Photo Jan 14, 3 30 33 PM.jpg

Ingredients

  • 4 1/2 cups whole milk (pasteurized is ok, but avoid ultra pasteurized)
  • 1/2 cup plain, unflavored Greek yogurt

Directions

  1. In a large pot, warm the milk over medium heat for about 20 minutes or until the temperature reads at 180 degrees. Do not allow the milk to boil and give it a stir every now and then to ensure it does not stick
  2. Remove the pot from the heat and allow to cool until the temperature reads 110 degrees. You can place the milk in a different pot or a cool location, but be sure to keep a good eye on it so it does not get too cold
  3. In a small bowl, combine 1 cup of the warmed milk with 1/2 cup Greek yogurt. Mix until well combined and then slowly pour this mixture into the remaining warmed milk Place yogurt in sturdy containers (I used quart sized Mason jars) and either place in a yogurt maker or in an insulated cooler, wrapped in warmed towels. Allow the mixture to sit for at least 8 hours, checking periodically to ensure the cooler has a bit of warmth (see Tips for some help with this!)
  4. At 8 hours, gently check the yogurt to see if it is has set by gently tipping the container. If the yogurt is solid and does not slide, remove and place in the refrigerator. If the yogurt appears runny, give it another hour and check on it again
  5. Once the yogurt has set, refrigerate for at least 2 hours before serving. Remember this is yogurt in it’s purest form, so if you like a little sweetness you will need to add that in. See Tips for some recommendations Now pat yourself on the back and have a big bowl of homemade healthy!

Tips

  • Safety tip! After the yogurt has had it’s final set in the refrigerator, make sure upon opening you check for any mold or an off smell. This is very rare but, a little common sense goes a long way with true DIY food. Just like any food, if it looks or smells off, don’t risk it.
  • Since my family falls into the “sometimes” category of yogurt eaters, I will not be running out and buying a yogurt maker but if you feel like this is something you will do often, it might not be a bad idea. To keep my yogurts warm, I took a bunch of kitchen towels and put them in the dryer right after my milk got to 180 degrees and let them tumble around in the dryer until the milk had cooled down. I then grabbed a medium sized cooler (too big and it will just have lots of space for cold to settle in) and lined the bottom with the warm towels, wrapped a warm towel around each of my jars, covered the jars with a few more warmed towels and put the lid on the cooler. Every 2 hours or so, I opened the lid a bit and gave the cooler a 1-2 minute blast from my hair dryer just to make sure the warmth kept. This may not be necessary when the temperature is warmer so if your house is about 70 degrees at all times, you can probably leave the dryer out of it.
  • I find this yogurt to be super yummy with a nice drizzle of maple syrup, but feel free to get creative with your mix-ins. Honey, granola, fruit (both plain and some you’ve macerated with sugar) are nice additions. As mentioned, this yogurt is pure milk yogurt plain so it will have almost no flavor.
  • As this yogurt lacks all of the interesting additives that make the store bought versions last weeks in your refrigerator, you are going to want to eat this up within 5 days of making.

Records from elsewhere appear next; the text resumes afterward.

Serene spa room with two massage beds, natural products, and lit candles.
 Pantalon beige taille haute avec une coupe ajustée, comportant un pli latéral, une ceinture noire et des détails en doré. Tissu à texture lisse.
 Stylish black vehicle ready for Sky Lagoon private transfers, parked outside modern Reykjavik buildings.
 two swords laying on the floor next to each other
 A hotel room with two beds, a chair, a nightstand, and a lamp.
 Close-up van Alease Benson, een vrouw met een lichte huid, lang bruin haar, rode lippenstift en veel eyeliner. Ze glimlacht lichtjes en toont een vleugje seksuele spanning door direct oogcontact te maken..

You may also have to give it a stir before scooping it out after a day or two, but don’t worry it will still be tasty!
  • Lastly, if you try this and it does not jell with your family or you, don’t worry! There are a large variety of plain Greek style yogurts out there that you can swirl with maple or add your own fruit to. Food is supposed to make us feel good and if it makes you feel bad, then it’s not the food for you. If you want to DIY something in the food world, check out my Pumpkiney Granola, Pasta Sauce, or Basic French Bread. I guarantee there is a from scratch winner for you out there.